# WORK TO COMPLETE
What the task needs is every record repeated exactly, nothing more.

# DATASET CONTENT
= Beginning of Section =

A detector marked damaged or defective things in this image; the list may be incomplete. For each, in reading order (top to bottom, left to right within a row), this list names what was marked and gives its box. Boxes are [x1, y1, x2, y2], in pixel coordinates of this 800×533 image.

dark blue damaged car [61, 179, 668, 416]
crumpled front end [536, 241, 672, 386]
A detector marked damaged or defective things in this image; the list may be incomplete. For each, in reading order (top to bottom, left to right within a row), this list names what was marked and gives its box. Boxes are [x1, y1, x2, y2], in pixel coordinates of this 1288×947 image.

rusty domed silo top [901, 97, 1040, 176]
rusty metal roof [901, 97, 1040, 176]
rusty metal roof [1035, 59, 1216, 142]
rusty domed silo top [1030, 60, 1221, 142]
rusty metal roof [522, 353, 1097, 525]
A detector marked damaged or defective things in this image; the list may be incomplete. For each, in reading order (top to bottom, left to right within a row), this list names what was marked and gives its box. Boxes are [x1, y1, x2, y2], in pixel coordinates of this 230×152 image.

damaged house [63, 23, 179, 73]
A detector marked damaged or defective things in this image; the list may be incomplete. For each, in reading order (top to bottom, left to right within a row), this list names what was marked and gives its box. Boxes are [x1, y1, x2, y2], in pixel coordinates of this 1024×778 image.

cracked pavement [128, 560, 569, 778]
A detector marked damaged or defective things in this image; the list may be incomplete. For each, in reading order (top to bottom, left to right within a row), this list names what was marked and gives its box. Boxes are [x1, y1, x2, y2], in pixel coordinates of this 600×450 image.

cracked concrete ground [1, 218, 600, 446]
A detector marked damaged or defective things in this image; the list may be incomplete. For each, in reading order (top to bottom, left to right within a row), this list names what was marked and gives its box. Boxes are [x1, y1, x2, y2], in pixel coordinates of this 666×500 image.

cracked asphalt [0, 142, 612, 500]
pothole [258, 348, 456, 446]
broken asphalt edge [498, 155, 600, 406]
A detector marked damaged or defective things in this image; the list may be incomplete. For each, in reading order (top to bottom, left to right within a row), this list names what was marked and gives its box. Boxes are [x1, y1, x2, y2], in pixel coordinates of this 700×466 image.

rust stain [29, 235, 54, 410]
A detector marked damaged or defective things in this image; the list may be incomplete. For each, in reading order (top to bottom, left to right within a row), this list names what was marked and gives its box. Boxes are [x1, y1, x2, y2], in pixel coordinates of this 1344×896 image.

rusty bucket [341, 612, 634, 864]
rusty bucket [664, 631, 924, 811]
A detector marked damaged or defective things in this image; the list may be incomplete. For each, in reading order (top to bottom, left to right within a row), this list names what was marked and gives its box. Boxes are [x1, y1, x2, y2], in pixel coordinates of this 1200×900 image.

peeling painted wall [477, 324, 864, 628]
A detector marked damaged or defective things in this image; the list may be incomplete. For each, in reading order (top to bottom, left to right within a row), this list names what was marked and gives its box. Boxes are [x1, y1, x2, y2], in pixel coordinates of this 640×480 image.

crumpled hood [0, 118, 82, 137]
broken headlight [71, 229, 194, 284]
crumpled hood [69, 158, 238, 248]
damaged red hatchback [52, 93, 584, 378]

= End of Section =

# ANSWER SPACE
A detector marked damaged or defective things in this image; the list may be incomplete. For each, in reading order (top to bottom, left to right within a row), this list names what was marked and gives its box. Boxes are [x1, y1, x2, y2], in pixel coordinates of this 800×533 image.

dark blue damaged car [61, 179, 668, 416]
crumpled front end [536, 241, 672, 386]
A detector marked damaged or defective things in this image; the list may be incomplete. For each, in reading order (top to bottom, left to right within a row), this list names what was marked and gives its box. Boxes are [x1, y1, x2, y2], in pixel coordinates of this 1288×947 image.

rusty domed silo top [901, 97, 1040, 176]
rusty metal roof [901, 97, 1040, 176]
rusty metal roof [1035, 59, 1216, 142]
rusty domed silo top [1030, 60, 1221, 142]
rusty metal roof [522, 353, 1097, 525]
A detector marked damaged or defective things in this image; the list may be incomplete. For each, in reading order (top to bottom, left to right within a row), this list names what was marked and gives its box. Boxes are [x1, y1, x2, y2], in pixel coordinates of this 230×152 image.

damaged house [63, 23, 179, 73]
A detector marked damaged or defective things in this image; the list may be incomplete. For each, in reading order (top to bottom, left to right within a row), this list names what was marked and gives its box. Boxes are [x1, y1, x2, y2], in pixel coordinates of this 1024×778 image.

cracked pavement [128, 560, 569, 778]
A detector marked damaged or defective things in this image; the list may be incomplete. For each, in reading order (top to bottom, left to right within a row), this list names what was marked and gives its box. Boxes are [x1, y1, x2, y2], in pixel coordinates of this 600×450 image.

cracked concrete ground [1, 218, 600, 446]
A detector marked damaged or defective things in this image; the list may be incomplete. For each, in reading order (top to bottom, left to right within a row), this list names what was marked and gives its box. Boxes are [x1, y1, x2, y2], in pixel coordinates of this 666×500 image.

cracked asphalt [0, 142, 612, 500]
pothole [258, 348, 456, 446]
broken asphalt edge [498, 155, 600, 406]
A detector marked damaged or defective things in this image; the list may be incomplete. For each, in reading order (top to bottom, left to right within a row), this list names what was marked and gives its box. Boxes are [x1, y1, x2, y2], in pixel coordinates of this 700×466 image.

rust stain [29, 235, 54, 410]
A detector marked damaged or defective things in this image; the list may be incomplete. For each, in reading order (top to bottom, left to right within a row), this list names what was marked and gives its box. Boxes are [x1, y1, x2, y2], in pixel coordinates of this 1344×896 image.

rusty bucket [341, 612, 634, 864]
rusty bucket [664, 631, 924, 811]
A detector marked damaged or defective things in this image; the list may be incomplete. For each, in reading order (top to bottom, left to right within a row), this list names what was marked and gives its box. Boxes are [x1, y1, x2, y2], in pixel coordinates of this 1200×900 image.

peeling painted wall [477, 324, 864, 628]
A detector marked damaged or defective things in this image; the list may be incomplete. For each, in reading order (top to bottom, left to right within a row), this list names what was marked and gives its box. Boxes are [x1, y1, x2, y2], in pixel coordinates of this 640×480 image.

crumpled hood [0, 118, 82, 137]
broken headlight [71, 229, 194, 284]
crumpled hood [69, 158, 238, 248]
damaged red hatchback [52, 93, 584, 378]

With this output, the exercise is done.